═════ RECORDED INFORMATION

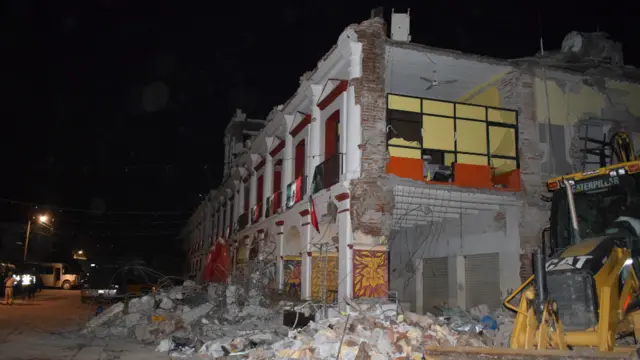 Prédio destruído pelo terremoto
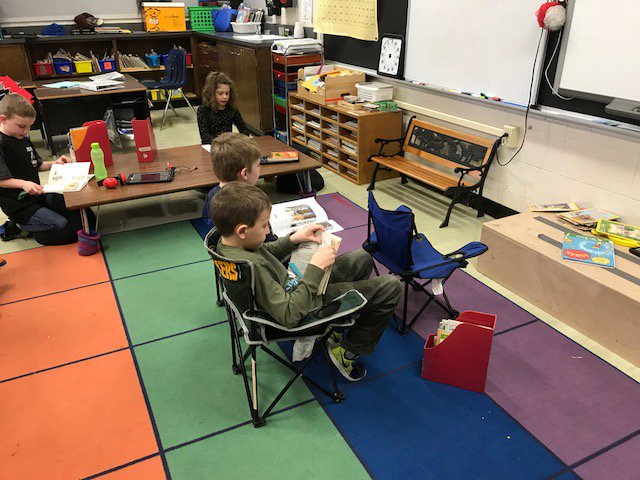SchDistofMilton's tweet photo. @gomiltonwest 1st grade students share a smile and celebrate #ReadAcrossAmericaWeek with some good Dr. Seuss books this afternoon. #SDMReads #MiltonPride https://t.co/ah9ph6kaPx
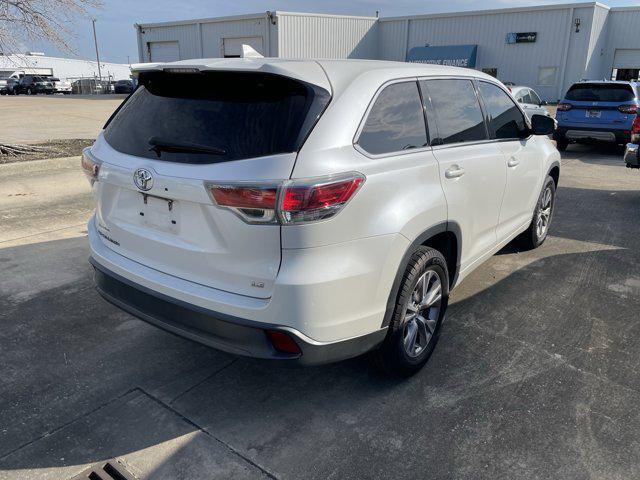 used 2015 Toyota Highlander car, priced at $16,766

══════════

ASSIGNMENT >> In the copy, include no pictures, but repeat the listing exactly.

FINISHED EXERCISE >>
 Prédio destruído pelo terremoto
SchDistofMilton's tweet photo. @gomiltonwest 1st grade students share a smile and celebrate #ReadAcrossAmericaWeek with some good Dr. Seuss books this afternoon. #SDMReads #MiltonPride https://t.co/ah9ph6kaPx
 used 2015 Toyota Highlander car, priced at $16,766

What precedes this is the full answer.